Medical Devices
According to FD&C act Title 21 CFR part 807, all domestic and foreign medical device establishments that are involved in the production and distribution of medical devices intended to be used in the United States are required to renew their registration annually between October 1st and December 31st every year. Federal government has authorized FDA to collect an annual establishment fee for medical device establishments. List of establishment that need to renew and pay the fees can be found at https://www.fdahelp.us/Pdf/Drug.pdf . The establishment registration fee is not eligible for a reduced small business fee.
All foreign manufacturers must identify at least one importer in their registration before they send the shipment to the United States. In turn, US importers also need to identify the foreign manufacturer at the time of renewal of registration. FDA will verify the manufacturer registration status at the port of entry by comparing the submitted information with CDRH’s establishment registration and listing database. If the information does not match, FDA will ask for more information and also may detain the product at the port if the firm lacks required registration and listing.
Drugs
As per FD&C act Title 21 CFR part 207, all domestic and foreign drug establishments registered with US FDA must renew their registration every year between October 1st and December 31st. The renewal of registration must be submitted to FDA in SPL format via FDA’s Electronic Submission Gateway (ESG) with the same original set id used in original registration. Drug establishments need to update the registration at the time of renewal if there is any change is company information.
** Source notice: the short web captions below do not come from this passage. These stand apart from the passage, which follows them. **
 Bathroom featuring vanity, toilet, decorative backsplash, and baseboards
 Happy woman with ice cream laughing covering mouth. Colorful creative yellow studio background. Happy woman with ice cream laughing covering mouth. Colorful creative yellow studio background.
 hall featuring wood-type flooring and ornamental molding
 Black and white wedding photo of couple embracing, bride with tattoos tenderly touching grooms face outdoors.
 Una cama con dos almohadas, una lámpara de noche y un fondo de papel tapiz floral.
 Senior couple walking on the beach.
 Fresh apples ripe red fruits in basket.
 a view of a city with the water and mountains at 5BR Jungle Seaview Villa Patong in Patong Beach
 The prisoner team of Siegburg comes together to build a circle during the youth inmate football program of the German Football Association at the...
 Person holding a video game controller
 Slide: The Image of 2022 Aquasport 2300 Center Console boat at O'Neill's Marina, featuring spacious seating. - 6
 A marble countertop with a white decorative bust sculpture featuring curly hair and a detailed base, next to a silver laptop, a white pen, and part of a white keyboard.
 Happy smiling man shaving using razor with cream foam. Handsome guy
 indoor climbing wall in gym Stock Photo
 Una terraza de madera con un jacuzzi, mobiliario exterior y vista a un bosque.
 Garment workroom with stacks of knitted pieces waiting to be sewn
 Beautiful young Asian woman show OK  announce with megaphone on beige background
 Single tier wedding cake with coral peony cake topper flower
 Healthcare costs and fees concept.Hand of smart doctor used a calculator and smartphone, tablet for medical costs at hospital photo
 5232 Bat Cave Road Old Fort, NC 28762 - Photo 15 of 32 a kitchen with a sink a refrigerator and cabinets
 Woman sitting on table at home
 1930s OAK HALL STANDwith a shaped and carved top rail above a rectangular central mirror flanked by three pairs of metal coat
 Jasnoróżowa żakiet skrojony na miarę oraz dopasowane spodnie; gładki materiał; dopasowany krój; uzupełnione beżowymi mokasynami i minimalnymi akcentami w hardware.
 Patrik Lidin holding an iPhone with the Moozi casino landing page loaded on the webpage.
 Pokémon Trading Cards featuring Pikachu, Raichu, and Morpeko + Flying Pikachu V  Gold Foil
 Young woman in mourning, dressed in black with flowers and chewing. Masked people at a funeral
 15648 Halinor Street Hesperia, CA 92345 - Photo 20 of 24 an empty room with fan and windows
All foreign drug manufacturers must update their registration with US importer information at the time of renewal of registration. FDA will verify the registration status of manufacturer at the port of entry by comparing the submitted documents with CDER Drug Establishments Current Registration Site. FDA may consider the drug products misbranded and detain it at the port, if the firm did not renew the registration.
Drug Listing Renewal
As a new regulation started in FY 2016, FDA will deactivate drug listing records in its database that are not properly listed in accordance with FDA requirements as these drug listings are not certified as being active and up to date or the manufacturing establishment is not registered with FDA. FDA wants the registrants to notify if the drugs are not in commercial distribution and ask them to put an end marketing date in the listings. Also, FDA requires firms to submit drug listings updates if there are any material changes to information previously submitted which includes change in manufacturing establishment(s). Drugs with inactivated listing records cannot be legally marketed or imported in the US. The Blanket listing no change certification must be submitted to FDA between October 1st and December 31st every year.
Liberty Management Group Ltd, a leading FDA consulting group provides assistance with medical device establishment registration renewal, drug establishment registration renewal, drug listing renewal and US agent service to foreign countries.
Sudha S
Regulatory Consultant
Mail: Office@libertymanagment.us
What will be the validity of my medical establishment registration if i pay the fee now?
The registration will be valid till December 31st 2020.
I registered my establishment in August this year, do i need to pay again in October? is there a reduced fee?
Yes, you need to renew the registration between Oct 1st and Dec 31st and pay the fees to FDA to keep the registration active for FY 2020.